Let's explore the world of complete cooking techniques!
When I teach baking classes I don’t teach my students how to follow a recipe, but rather I show them how the ingredients work and interact with one another. That way, they control the recipe instead of letting the recipe control them. The same is true for cooking techniques. When you understand the language and what each of these techniques do, you are able to roast a chicken for crisped skin or braise a tough pork shoulder into tender submission.
This is only the beginning, we could talk for days on the complete cooking techniques and terms but we have to start somewhere and this is a very good place to start.
Roasting is a dry-heat form of cooking. It uses hot air to cook meat, vegetables or fruit. This dry heat creates browning in the form of caramelization of the natural sugars or through the Maillard reaction . Roasting is what gives chicken a crisped, richly flavored skin and tender interior. It intensifies the sweetness of fruit and crisps of vegetables while making them sweet and tender.
Try roasting strawberries with sugar and a bit of lemon to create a deeply flavored jam. Or roast a large tray of vegetables before blending them with stock to make a rich and healthful soup.
Braising uses a moist-heat to turn tough cuts of meat into a tender and flavorful dinner. Food is cooked at a low temperature partially submerge in a liquid (wine, stock, cream, etc.) slowly. Braising is not just for meat, however. Have you ever had brussels sprouts braised in cream? It’s one of the best ways I know how to convince the most die-hard brussels haters that they actually do enjoy this often loathed vegetable. Braising can be done in the oven or on the stove-top.
This is a very delicate way to cook. It involves a liquid (water, stock, etc.) gently simmering below the food; the food is elevated above, and the hot steam produced from the bubbling liquid tenderly cooks the food. This technique is very healthful as there is no additional fat used for cooking. It’s often used in asian cuisines. Fish takes to this method beautifully.
Blanching involves a quick plunge into boiling water until whatever you are cooking is just cooked or partially cooked, and then immediately submerging the product in ice cold water in order to stop the cooking process. This is done often with vegetables to preserve the color and shape.
Is French for "in parchment." The Italians say, al cartoccio for this method of cooking in which you fold up your food, like a little package, in parchment paper. The package is then baked. This technique is often used with delicate fish and other fragrant ingredients are added like herbs or lemon. Within the little parchment bundle a gentle, moist heat is created which then steams whatever is inside.

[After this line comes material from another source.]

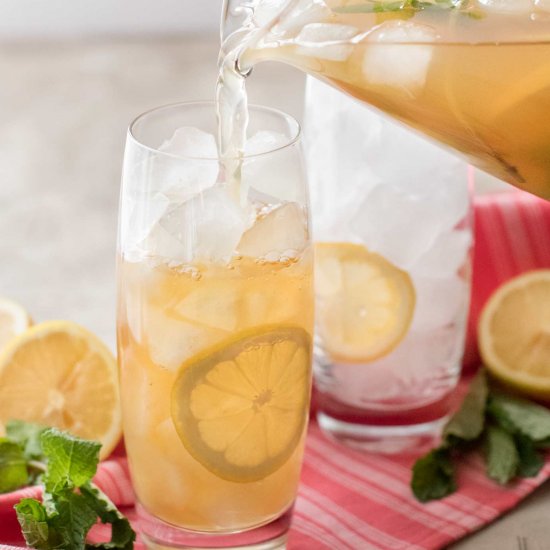 Iced Green Tea with Mint and Honey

This technique makes a lovely presentation when you present the bundled up package at the table then carefully open it up allowing the aroma to entice your guests before they descend on the perfectly cooked food inside.
Broiling uses dry, direct heat to sear or deeply caramelize whatever you are cooking. Often, I’ll use this technique at the end of roasting if, say, my carrots are tender, but I want a bit more char. Move the oven rack up to the top third of the oven, and turn the broiler to high to get a quick, final sear that adds more depth of flavor and textural contrast in the dish.
This is a technique most often done on the stove in which fruit, vegetables, meat or eggs are gently submerged and cooked in a liquid (water, stock, juice, wine, etc.). Think peaches tenderly bathed in simmering cinnamon scented muscat then served warm, over vanilla ice cream.